Data listing:

▬▬▬

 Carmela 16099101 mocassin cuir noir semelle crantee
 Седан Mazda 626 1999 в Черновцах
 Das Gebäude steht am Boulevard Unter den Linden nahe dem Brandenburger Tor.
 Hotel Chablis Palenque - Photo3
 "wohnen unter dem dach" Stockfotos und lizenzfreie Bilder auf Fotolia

▬▬▬

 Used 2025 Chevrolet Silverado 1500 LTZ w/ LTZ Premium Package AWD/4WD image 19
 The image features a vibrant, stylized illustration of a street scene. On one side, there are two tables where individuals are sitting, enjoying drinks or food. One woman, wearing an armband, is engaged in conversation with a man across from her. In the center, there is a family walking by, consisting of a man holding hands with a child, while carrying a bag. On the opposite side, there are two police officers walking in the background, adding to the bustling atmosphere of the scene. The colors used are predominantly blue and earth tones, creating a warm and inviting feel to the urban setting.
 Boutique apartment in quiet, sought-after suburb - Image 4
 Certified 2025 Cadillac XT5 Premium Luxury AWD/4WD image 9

▬▬▬

Exercise brief: Look above for the line with "Carmela 16099101 mocassin" and the line with "Bilder auf Fotolia"; transcribe both and all lines in between, exactly, and nothing else.

Response area:
 Carmela 16099101 mocassin cuir noir semelle crantee
 Седан Mazda 626 1999 в Черновцах
 Das Gebäude steht am Boulevard Unter den Linden nahe dem Brandenburger Tor.
 Hotel Chablis Palenque - Photo3
 "wohnen unter dem dach" Stockfotos und lizenzfreie Bilder auf Fotolia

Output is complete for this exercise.